Locally cached git repository

jacobat commented 12 years ago

To not have to download the entire repository over and over it would be nice to be able to keep a local copy.

I've implemented an example of how this could work at jacobat/mina@cf176f74394ce287205a4d5d2b2077aac052aa6d

I'm not sure if there are any issues with the implementation, so for now it's only meant for inspiration.

What do you think?

bluestrike2 commented 12 years ago

I haven't really gotten into things, but I've been thinking about it and I'm not sure why we don't just jump through to what's basically taking this idea through to its furthest conclusion? Something similar to what was described in this blog post a ways back. I'll probably work something up for myself, so I figured I'd throw the idea out there.

jacobat commented 12 years ago

What you're suggesting is in essence to keep a git repository in the deployed working directory instead of copying into the working directory, is that correct?

IMHO that's an interesting option. Though I would prefer a copying strategy by default. I'm not really sure why, maybe it's just because that's what I've gotten used to with Capistrano. The git in working directory seems like a more advanced strategy with possibly more pitfalls.

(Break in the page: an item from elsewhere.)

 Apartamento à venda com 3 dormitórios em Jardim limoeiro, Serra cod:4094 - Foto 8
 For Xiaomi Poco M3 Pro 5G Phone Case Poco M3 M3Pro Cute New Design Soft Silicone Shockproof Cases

A whole other issue is wether it is actually a good idea to require that git is installed on the server and has access to the master repository at all.

bluestrike2 commented 12 years ago

That's really the reason I wanted to throw the idea out there before I started on anything and hopefully narrow down the idea a bit more even if winds up just being some forked tweaks for my own needs.

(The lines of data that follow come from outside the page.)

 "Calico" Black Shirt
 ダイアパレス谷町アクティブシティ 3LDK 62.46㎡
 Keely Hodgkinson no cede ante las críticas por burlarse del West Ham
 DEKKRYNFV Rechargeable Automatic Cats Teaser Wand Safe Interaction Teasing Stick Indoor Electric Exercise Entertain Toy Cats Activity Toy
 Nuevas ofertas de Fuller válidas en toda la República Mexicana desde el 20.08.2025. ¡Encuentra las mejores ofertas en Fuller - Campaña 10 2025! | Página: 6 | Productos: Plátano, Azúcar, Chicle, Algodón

It means a huge change in the default behavior. Even though pretty much all the other tasks stay the same (symlinking across to a shared director for logs/uploads/whatever, etc.) stay the same & your repo lives in a /current directory, there's still a pretty big conceptual difference involved.

During the deploy process, the opportunity for issue with current requests ought to be no different than with any other deploy method (in the split seconds you're checking out the new files once they've already been fetched, your OS is still caching disk i/o -- so I'd think the opportunity for a royal problem here approaches zero) with the biggest delay between checkout and restart taking place during the symlink period, which is where mina's approach really shines regardless). Caveat being unless I'm missing something else here, that being the assumption I tend to default to (or try at least) until I'm proven wrong by circumstance.

I'd also probably stick some additional ignore patterns in $GIT_DIR/info/exclude (info) to make sure there are no issues with the symlinked items in particular. That way there's no worrying about .gitignore differences between the server and, well, everybody else.

As for the server itself, on that front you definitely have a point. But I can't really think of an instance where I haven't had git on production servers in quite some time. If not for deployments, then for handling repos where I'm compiling from source (here's talking to you, nginx), etckeeper as a bare minimum for tracking conf changes, or heck, just making sure I'm never too far from my beloved little zsh prompt :D.

Access control could be solved with ssh agent forwarding I'd imagine. Before that's in place, maybe just relying on deploy keys if using Github/etc. or if not simply tweaking one's git server for read-only access for servers in question?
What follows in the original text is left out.